Forse troppo fresca la sentenza definitiva emessa lunedì scorso per i due carabinieri responsabili dell’omicidio preterintenzionale di Cucchi, D’Alessandro e Di Bernardo. Anche se per la Cassazione andrà ripetuto l’Appello per il maresciallo Roberto Mandolini, comandante della stazione Appia dove venne portato il giovane dopo il pestaggio, e per il testimone pentito Francesco Tedesco. Un nuovo processo da celebrarsi prima che intervengano i termini di prescrizione, slittati da maggio a luglio per recuperare le interruzioni da Covid.

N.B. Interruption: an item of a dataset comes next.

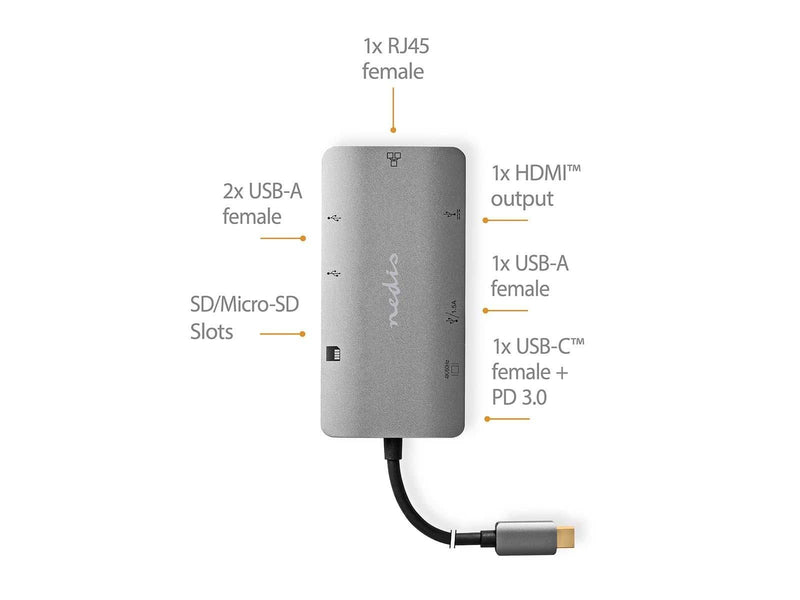 Nedis CCBW64240AT02 laptop dock/port replicator USB-Hubs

Anche ieri l’Arma ha chiesto scusa alla famiglia.

ILARIA CUCCHI questa volta in Aula è senza madre e padre, invecchiati sotto il peso dei dieci processi. «Non credevo sarebbe mai arrivato questo giorno – dice – Anni e anni della nostra vita sono stati distrutti, ma oggi le persone che ne sono stata la causa, i responsabili, sono stati condannati». Interviene il suo avvocato, Fabio Anselmo: «È stato confermato che l’anima nera del caso Cucchi è il generale Casarsa. Chiunque avrà il coraggio di affermare che Stefano Cucchi aveva qualsiasi patologia, che era un tossicodipendente, che era anoressico o sieropositivo, commette un reato di diffamazione perché quelle relazioni di servizio, che hanno gettato tanto fango sulla famiglia Cucchi per 12 anni, e che hanno ucciso lentamente Rita Calore e Giovanni Cucchi, sentendosele ripetere sui giornali, ogni giorno, e hanno logorato la vita di Ilaria, sono false. Studiate a tavolino».